No había pasado tanto tiempo –perdón por el momento Abuelo Cebolleta– desde que Android había llegado a España –a mis manos– a principios de 2009 con el HTC Magic de Vodafone.

Entonces el Magic llevaba Android 1.5 –y su coetáneo el HTC Dream aún Android 1.1. A pesar de su juventud y aspecto tosco –"un poco soviet" en palabras de Fotomaf, si mal no recuerdo– Android ya apuntaba maneras y entusiasmaba.

Comparativamente un Android 3.0 es "de otro planeta" y es emocionante ver lo que llegará en los próximos meses en esta plataforma –entre nuevas versiones, superteléfonos y tablets.

Pero como todo en este vida Android no es perfecto. Es más, necesita que Google ponga un poco de orden para resolver numerosos aspectos que le perjudican –desde la inconsistencia de la plataforma, la disparidad de dispositivos, la ausencia o el retraso de actualizaciones, el exceso de personalizaciones que, lejos de mejorar, empeoran usa usabilidad o las implementaciones en dispositivos de dudosa calidad, abiertamente "baratos" que no sólo arruinan la experiencia Android, sino que además crean una falsa imagen de que se trata de un sistema operativo "barato", "gratis" o para entendidos, frikis y nerds.

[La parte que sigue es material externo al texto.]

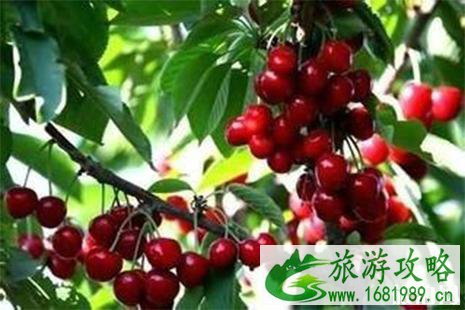 2022海淀区樱桃文化节5月19日至6月19日 附采摘地信息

De hecho hace poco se dio a conocer que precisamente por lo anterior Google tiene para este año un plan que busca resolver, entre otras cosas, las ridículas cifras de ventas de aplicaciones con las que admite no estar contenta, problema que tiene su origen en los anteriormente citados. La buena noticia es lo mucho que Android va a mejorar.